Restate all the data word for word and omit the pictures.

++++ Input for this task ++++

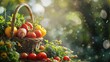 © Supannee - A wicker basket overflowing with fresh vegetables, bathed in warm sunlight. A celebration of nature's bounty.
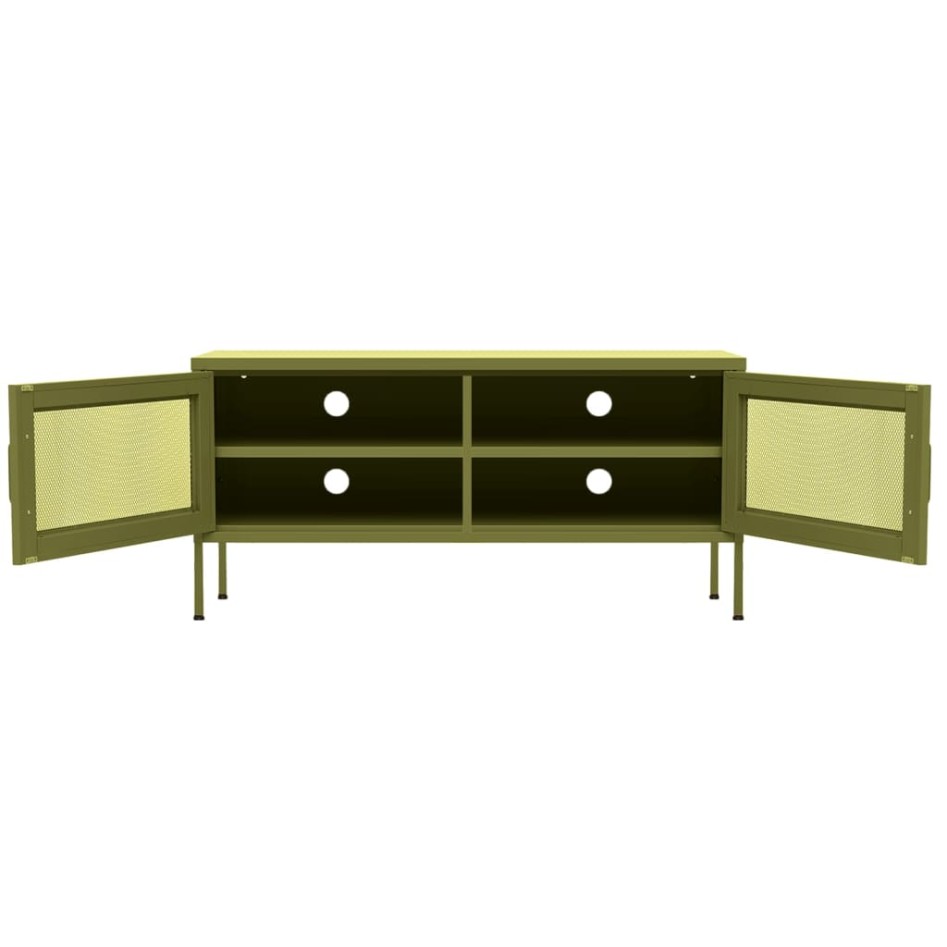 Mueble de TV verde oliva 105x35x50 cm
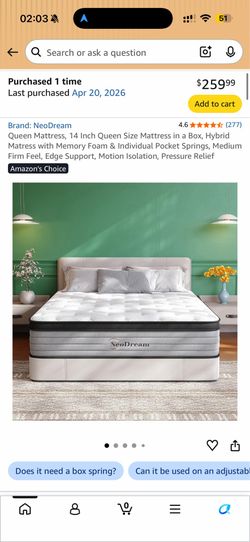 New NeoDream 14" Queen Hybrid Mattress - In Box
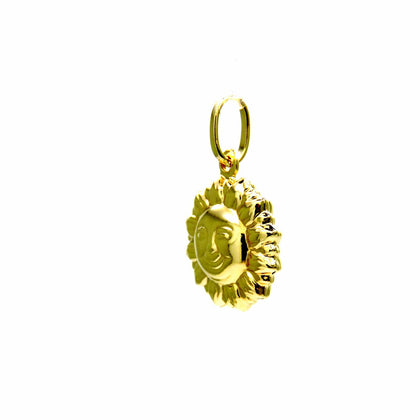 PEGASO GIOIELLI Ciondolo da Donna Ragazza Bambina in Oro Giallo 18kt (750) Pendente Sole Lucido Sorridente Doppio Lato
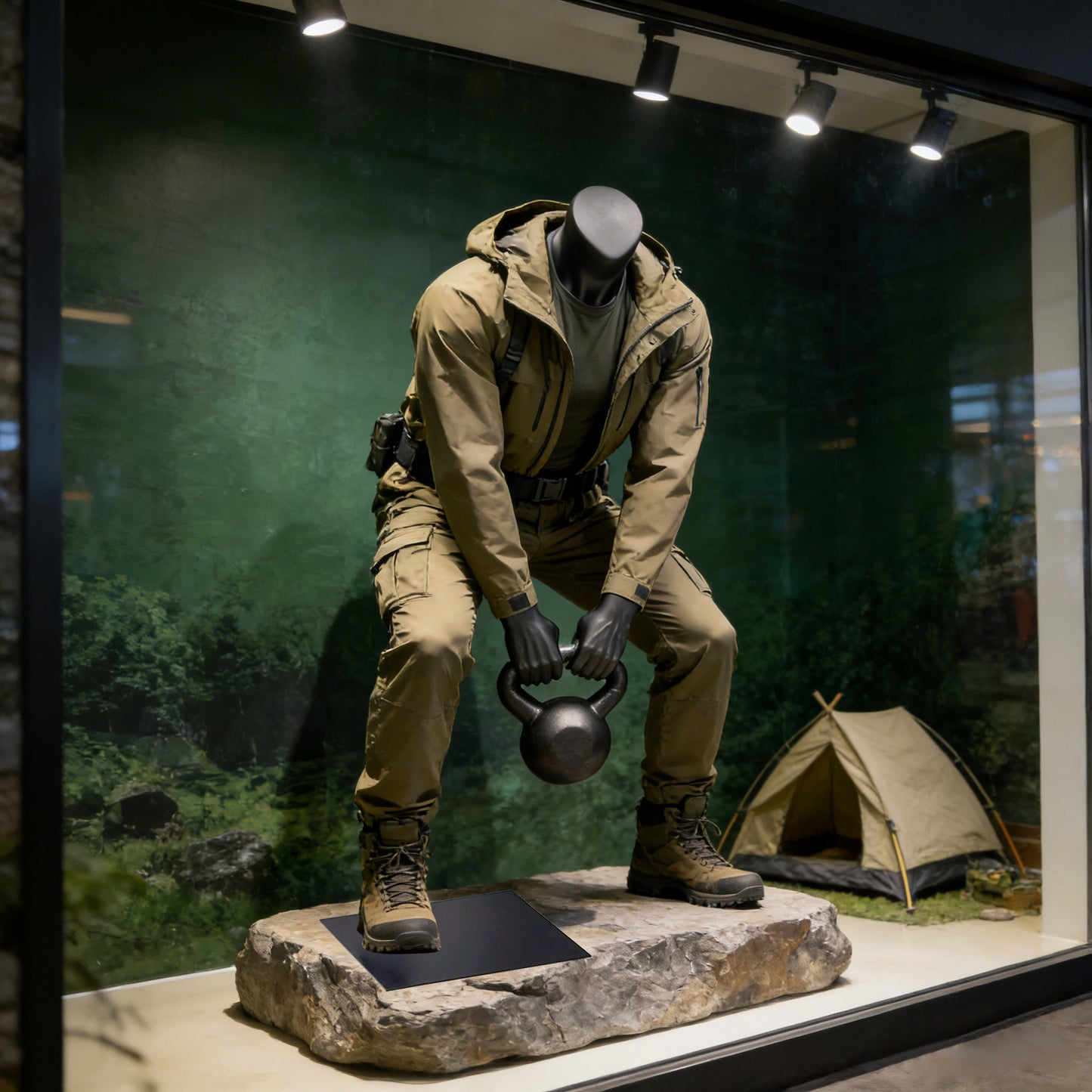 Athletic Kettlebell Pose Headless Male Mannequin - Full Body Sports Display for Gym & Retail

++++

**Answer box**
 © Supannee - A wicker basket overflowing with fresh vegetables, bathed in warm sunlight. A celebration of nature's bounty.
 Mueble de TV verde oliva 105x35x50 cm
 New NeoDream 14" Queen Hybrid Mattress - In Box
 PEGASO GIOIELLI Ciondolo da Donna Ragazza Bambina in Oro Giallo 18kt (750) Pendente Sole Lucido Sorridente Doppio Lato
 Athletic Kettlebell Pose Headless Male Mannequin - Full Body Sports Display for Gym & Retail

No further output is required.